Saturday’s report launch comes as negotiations on the conference’s outcome text are shifting into high gear – COP28 is scheduled to close on Tuesday – and against the backdrop of the largest on-site action yet for climate justice. Calls for ending the world’s dependence on fossil fuels and demanding reparations for ‘loss and damage‘ can be heard ringing out at Dubai’s iconic Expo City venue.

This year’s State of Finance for Nature report is the first such survey to focus on what is known as “nature-negative finance flows” and underscores the urgency to address the interconnected crises of climate change, biodiversity loss, and land degradation.

The report, launched to coincide with a day set aside at the latest UN climate conference for discussions on nature and land use, also highlighted the fact that these investments dwarfed the annual amount being invested in nature-based solutions, which totaled roughly $200 billion last year.
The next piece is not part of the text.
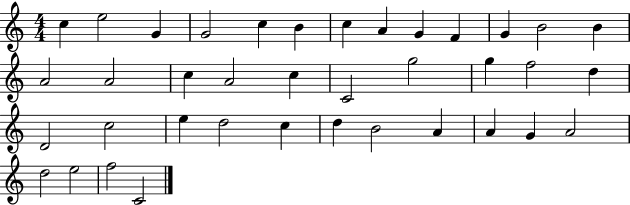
C5/q E5/h G4/q G4/h C5/q B4/q C5/q A4/q G4/q F4/q G4/q B4/h B4/q A4/h A4/h C5/q A4/h C5/q C4/h G5/h G5/q F5/h D5/q D4/h C5/h E5/q D5/h C5/q D5/q B4/h A4/q A4/q G4/q A4/h D5/h E5/h F5/h C4/h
A staggering $5 billion of these nature-negative finance flows come from the private sector, which is 140 times larger than private investments in nature-based solutions, and almost half of that stems from only 5 industries: construction, electric utilities, real estate, oil and gas, and food and tobacco.

‘Greening finance’

One of UNEP’s partners contributing to the report is Global Canopy, a data-driven non-profit that targets market drivers that negatively impact nature. It’s Executive Director, Niki Mardas, told UN News that there is a group of companies or financial institutions who may be making nature-positive investments “and making a big noise about that, but aren’t even clear on their exposure to nature-negative [investments], particularly when it’s down their supply chains.”

He emphasized that, while these companies must continue to make positive investments, they also need to do the hard and complex work of understanding how they are driving the problem.

They must start addressing that “not by getting out and not by divesting, but by engaging companies in their portfolios, by engaging companies in their supply chains so that they change their operations and their behaviour”.

Mr. Mardas gave the example of countering deforestation, which is “at the heart” of any effort to achieve net-zero, yet only 20 per cent of the over 700 financial institutions that made high profile net-zero commitments as part of the Glasgow Financial Alliance “have taken any action at all on deforestation.”

“The single biggest action we can take for nature, climate and people is to green finance. We need to finance green, but we also need to green that $7 trillion of finance. Otherwise, we’ll always be stuck in this loop,” he added.

Turning the tide

At a press conference in Dubai, the head of UNEP’s Nature for Climate Branch, Mirey Atallah, said the report demonstrates that the climate crisis is still outpacing efforts to contain it.

She said finance is the great enabler, and without money flowing in the right direction, we cannot achieve the targets we have set” at the 1992 Earth Summit in Rio to address the interconnected challenges of climate change, desertification and biodiversity loss.

While the report may provide very sobering conclusions, Ms. Atallah said UNEP wants to use the data to show that the money being used to harm nature can and must be diverted to have a positive impact and stressed that COP28 must be the turning point.

Speaking to UN News, the UNEP official said the chronic underfunding of nature-based solutions is not due to the lack of funds, “it’s just that the money is going in the wrong direction”.

She said convincing private companies to make the right investments requires putting in place the necessary legal frameworks to support directing funds towards nature-positive solutions.

Ms. Atallah noted that some private financial institutions have already started taking climate effects into account when approached for loans, which can help “turn the tide of investments”.